Today, however, both the ICRC and UNHCR are increasingly drawing attention to the poor level of respect for and implementation of the law. For the two organizations mandated by the community of States to provide protection, this growing discrepancy is alarming. On the anniversary of the 1951 Refugee Con vention I therefore wish to remind all concerned that poor implementation of existing law does not bode well for the scope and the effectiveness of current and future developments of international legal instruments. States have a primary responsibility to address this issue.

Reference to historical and legal linkages between the two organizations should not, however, obscure an important fact: the ICRC and UNHCR are first and foremost operational entities working to provide concrete assistance and protection for countless persons affected in and around conflict zones. Both UNHCR and the ICRC face a number of similar operational challenges in this regard.
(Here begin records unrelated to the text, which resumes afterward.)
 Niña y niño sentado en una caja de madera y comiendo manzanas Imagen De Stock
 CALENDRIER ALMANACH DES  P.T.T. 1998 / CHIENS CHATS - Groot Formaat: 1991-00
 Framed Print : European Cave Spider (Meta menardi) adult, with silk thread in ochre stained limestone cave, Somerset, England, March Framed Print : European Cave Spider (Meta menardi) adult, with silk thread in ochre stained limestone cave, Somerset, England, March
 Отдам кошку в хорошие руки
To begin with, they are both dealing with a complex and changing international environment, where wars are fought mainly for motives such as identity, ethnicity or access to resources. An environment in which arms are easily available and chains of command are often blurred.
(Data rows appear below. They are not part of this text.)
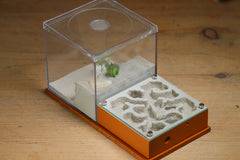 Fallen Fortress Formicarium (Terra 3511)(Canyon)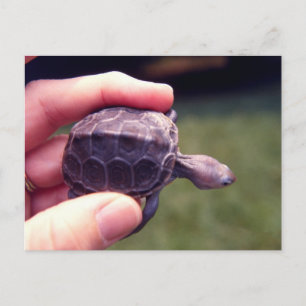 Baby Diamondback Turtle Postcard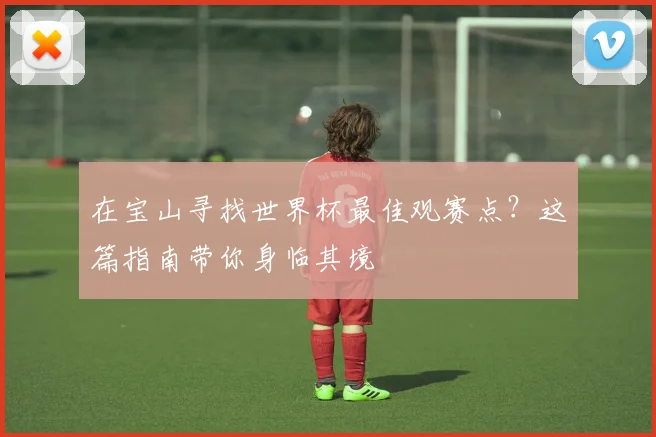 在宝山寻找世界杯最佳观赛点？这篇指南带你身临其境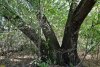 "Трёхголовый" дуб-великан в перспективной ООПТ Бугайский лес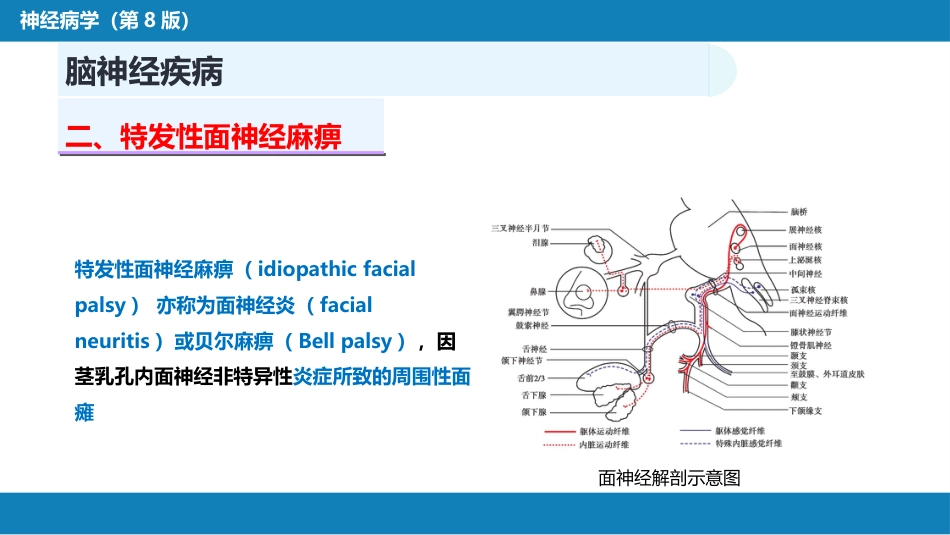 第十七章 周围神经疾病_第10页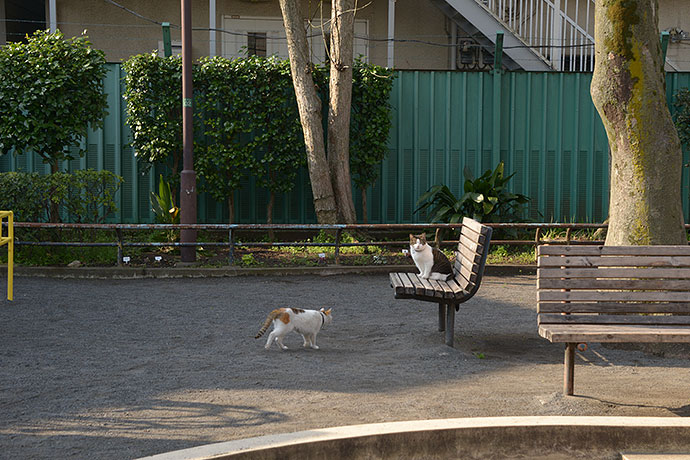 街のねこたち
As a result both organizations have to address serious dilemmas, such as how to operate in contexts where policies of “ethnic cleansing” are being brutally implemented or where genocide is taking its ruthless toll. What can and should humanitarian agencies do where civilians have become the very target of hostilities and where displacement is no longer a simple side-effect of fighting but a favoured instrument of war?

Closely connected is their shared concern for the safety of humanitarian personnel. Recent years have brought cruel reminders of the dangers involved in certain operational contexts: UNHCR lost four of its colleagues in West Timor and the Republic of Guinea in 2000, and the ICRC seven of its colleagues in the Democratic Republic of Congo and southern Sudan in 2001.

A further dominant feature of the contemporary humanitarian environment is the high number of agencies. This has led to an ever-growing requirement for coordination b y the various organizations. To my mind, competition is positive in so far as responses to the needs of men, women and children affected by conflict are enhanced thereby. Otherwise competition is negative. Despite the progress already accomplished, there is room for improvement.

Effective coordination and cooperation are greatly facilitated by the willingness of humanitarian organizations to define their objectives in a given field on the basis of their core competencies, their actual activities and their experience as opposed to mere aspirations. While this will no doubt help to clarify divisions of labour, it must be recognized that in today's complex situations there will always be grey areas where ad hoc coordination is required, in particular at field level. A firm resolve to make the best possible use of existing complementarities in the interest of the victims should be at the heart of these efforts. This is the spirit in which both the High Commissioner Ruud Lubbers and I approached the most recent annual high-level UNHCR/ICRC meeting last June.

Donor countries — and rightly so — expect humanitarian organizations to coordinate their activities as efficiently as possible in order to avoid both costly duplication thereof and situations in which persons in need are left without protection and assistance. They can contribute to successful coordination by taking into account, in their messages to humanitarian organizations, their respective specific mandates, activities and experience.

As a closing remark, I would like to point out that humanitarian action today is a complex undertaking in the broadest sense. It requires a combination of players to address the many needs that arise from conflict. Concrete cooperation is thus a fundamental prerequisite. Organizations with a strong and well-defined identity are well placed to work together in a predictable manner. UNHCR and the ICRC are two such organizations.

 Note  

1. “The International Committee of the Red Cross and the refugee problem”, Revue internationale de la Croix-Rouge , [English ] Supplement, Vol. III, 1950, p. 114.